# [Provided entries]
[Start of section]

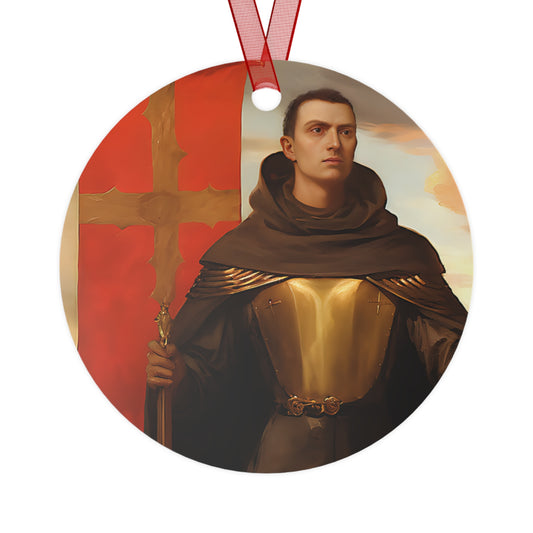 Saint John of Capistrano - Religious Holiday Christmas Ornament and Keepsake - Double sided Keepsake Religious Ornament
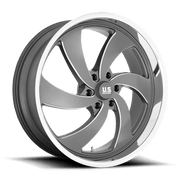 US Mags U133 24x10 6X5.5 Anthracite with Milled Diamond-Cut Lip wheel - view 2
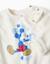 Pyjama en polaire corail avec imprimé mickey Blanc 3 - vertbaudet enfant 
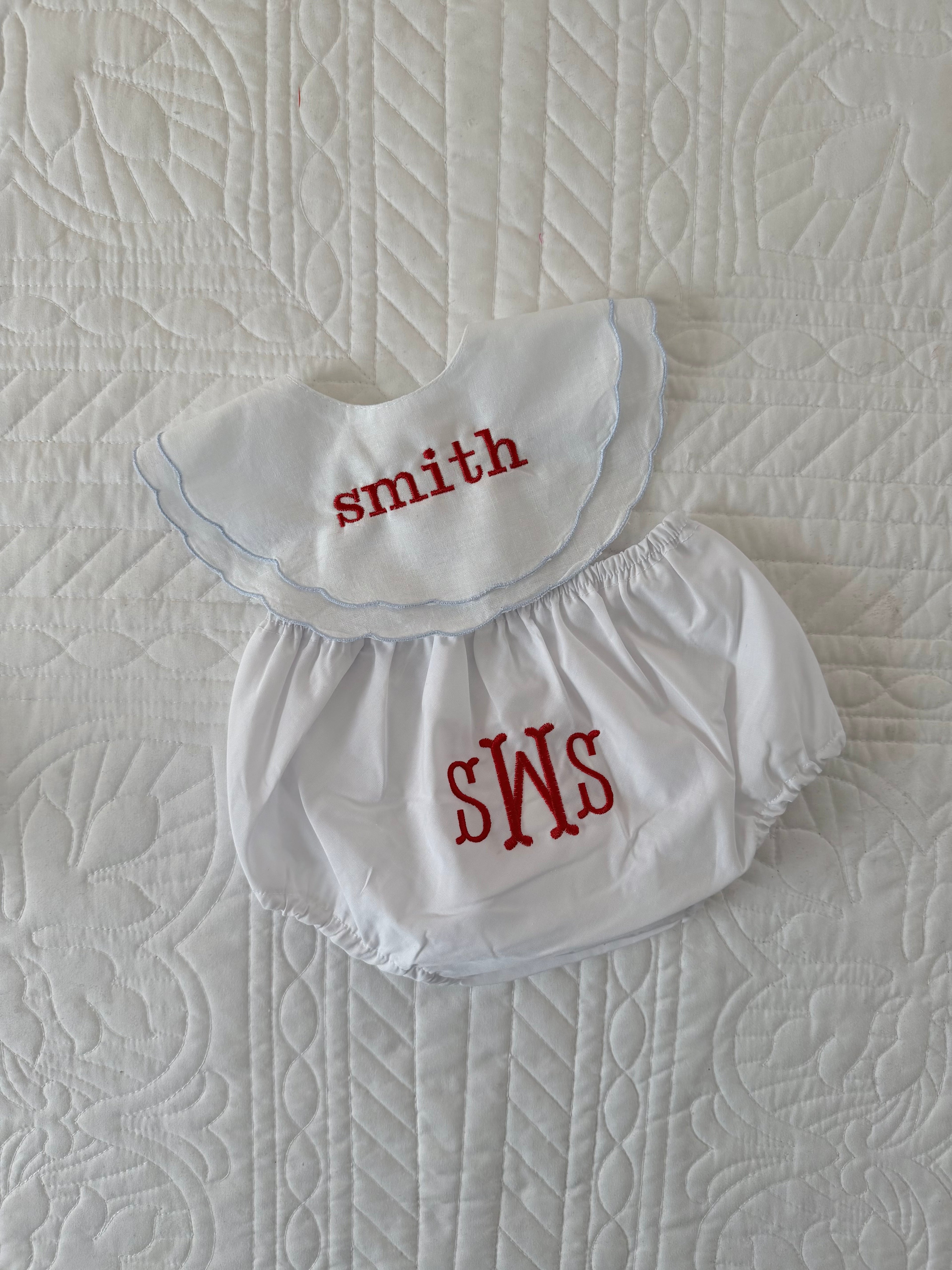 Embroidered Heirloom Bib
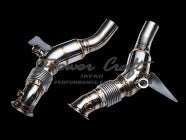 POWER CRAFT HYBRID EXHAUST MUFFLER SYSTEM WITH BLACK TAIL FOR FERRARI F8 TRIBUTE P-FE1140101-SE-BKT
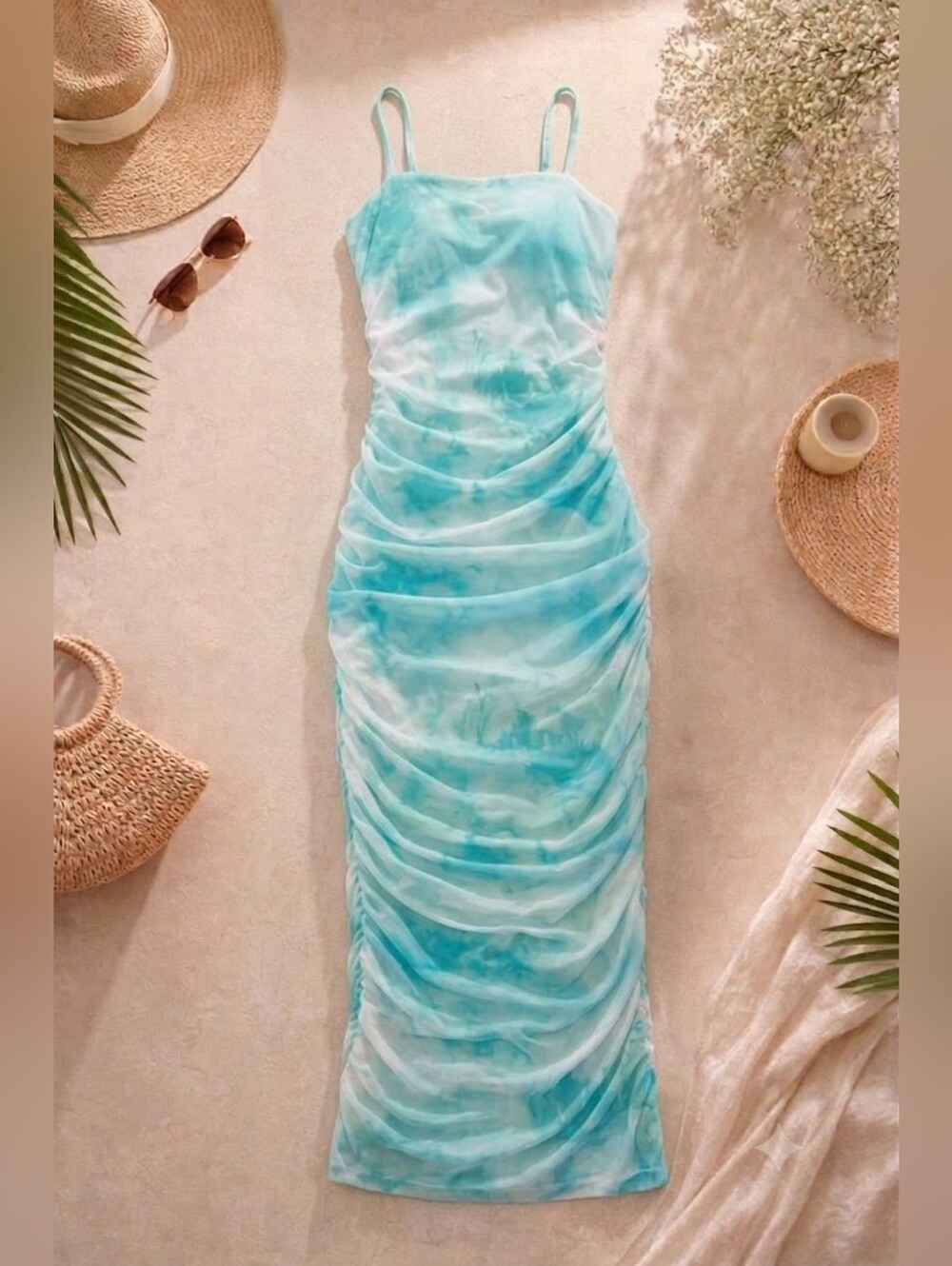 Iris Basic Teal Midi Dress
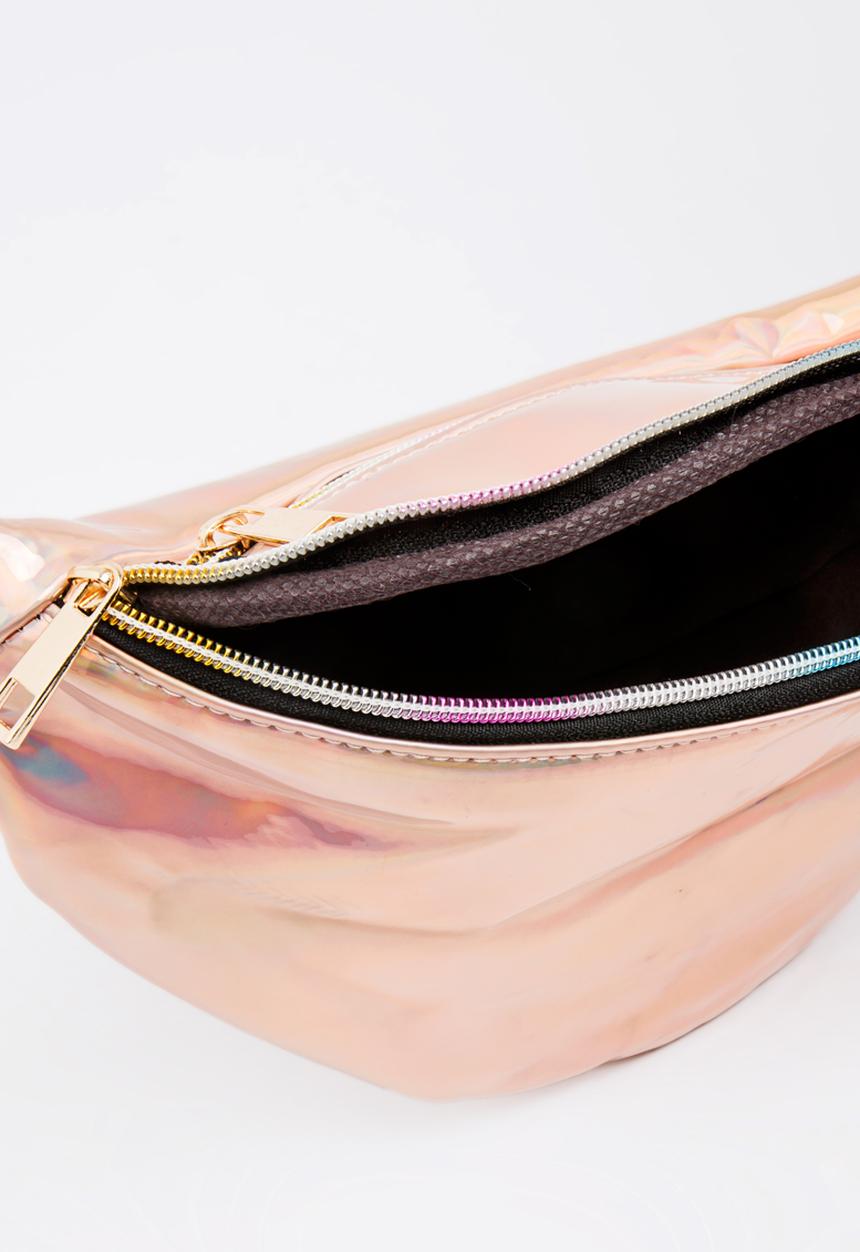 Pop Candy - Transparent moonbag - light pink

[End of section]

# [The problem]
Starting with the first line of the records above and stopping after the line containing "Embroidered Heirloom Bib", repeat every line exactly and leave out the pictures.

# [Result]
 Saint John of Capistrano - Religious Holiday Christmas Ornament and Keepsake - Double sided Keepsake Religious Ornament
 US Mags U133 24x10 6X5.5 Anthracite with Milled Diamond-Cut Lip wheel - view 2
 Pyjama en polaire corail avec imprimé mickey Blanc 3 - vertbaudet enfant 
 Embroidered Heirloom Bib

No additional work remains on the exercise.